Copy the data below exactly. Any pictures in it should be omitted.

● GIVEN DATA:
--*--

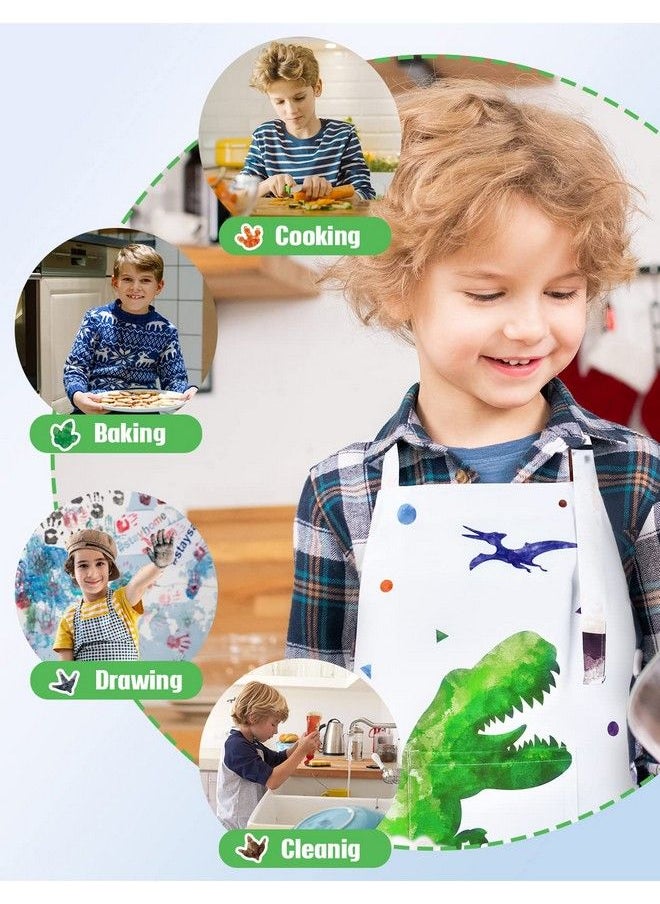Wernnsai - Dinosaur Apron Set Waterproof Chef Artist Cooking Aprons For Kids Boys Kitchen Bib With Adjustable Strap Pocket Chef Hat And Mittens For Baking Painting Party (Extra Small 25 Years) - Image 1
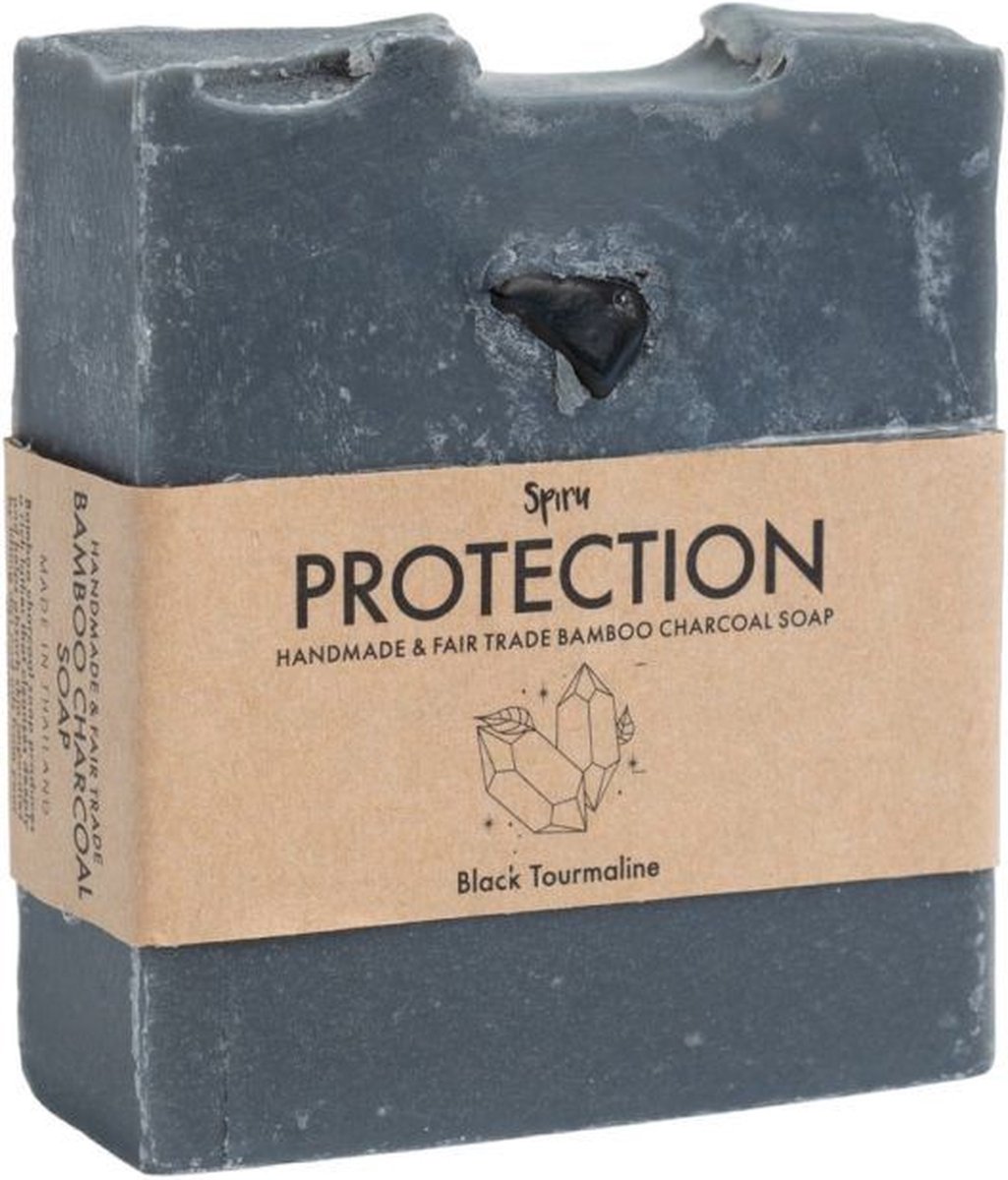 Fair Trade Edelsteen Zeep – Bescherming (Toermalijn & Bamboe-Houtskool)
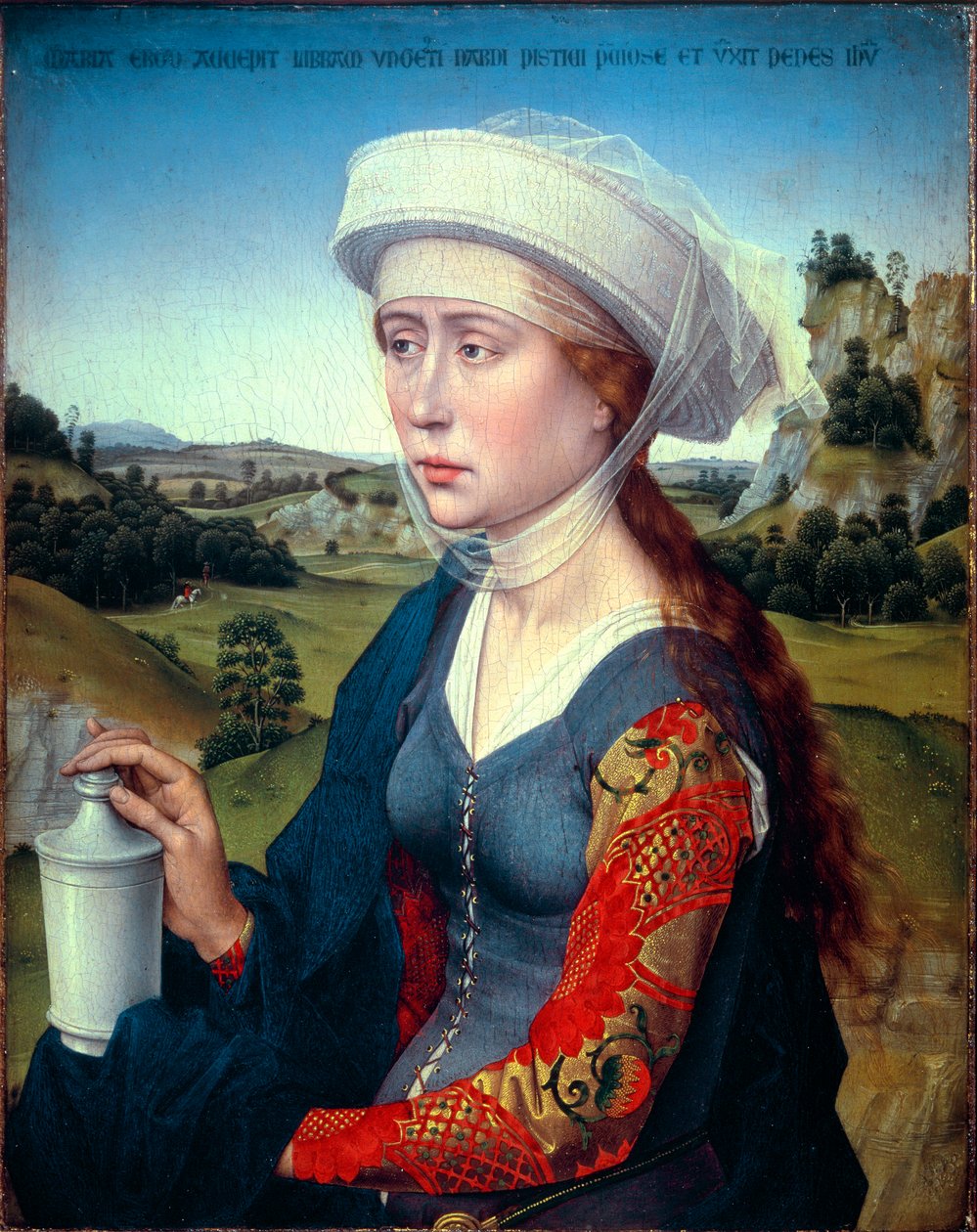 Triptych rodu Braque: Zobrazení svaté Máří Magdaleny (pravý panel triptychu Braque), cca 1450 (olej na dřevě) od Rogier van der Weyden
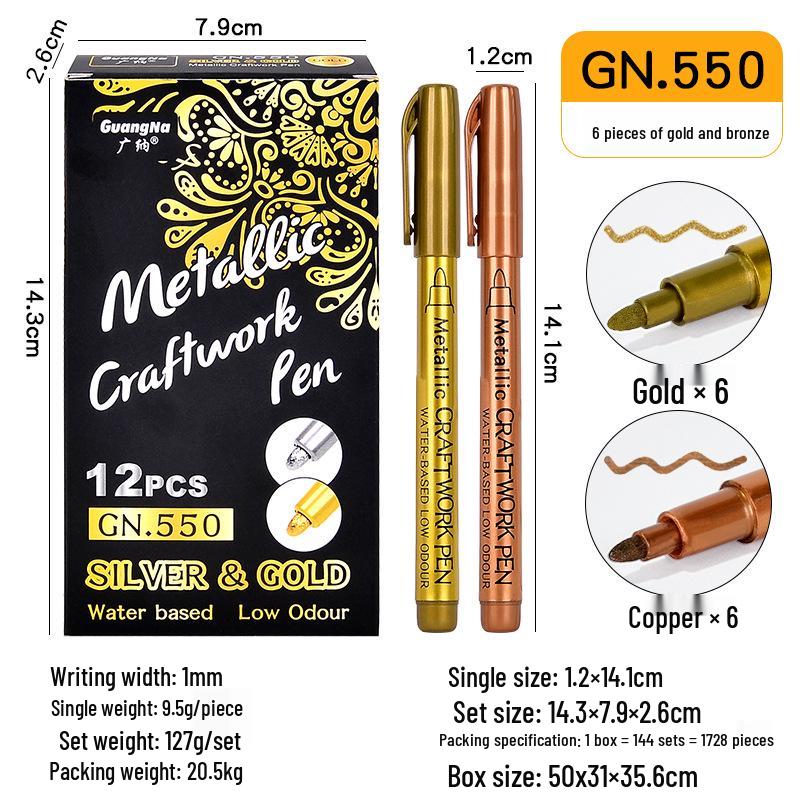 Metallic Color Craft & Graffiti Soft Tip Pen - 550B Signature & Sealing Wax DIY Marker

--*--

● WRITTEN SOLUTION:
Wernnsai - Dinosaur Apron Set Waterproof Chef Artist Cooking Aprons For Kids Boys Kitchen Bib With Adjustable Strap Pocket Chef Hat And Mittens For Baking Painting Party (Extra Small 25 Years) - Image 1
 Fair Trade Edelsteen Zeep – Bescherming (Toermalijn & Bamboe-Houtskool)
 Triptych rodu Braque: Zobrazení svaté Máří Magdaleny (pravý panel triptychu Braque), cca 1450 (olej na dřevě) od Rogier van der Weyden
 Metallic Color Craft & Graffiti Soft Tip Pen - 550B Signature & Sealing Wax DIY Marker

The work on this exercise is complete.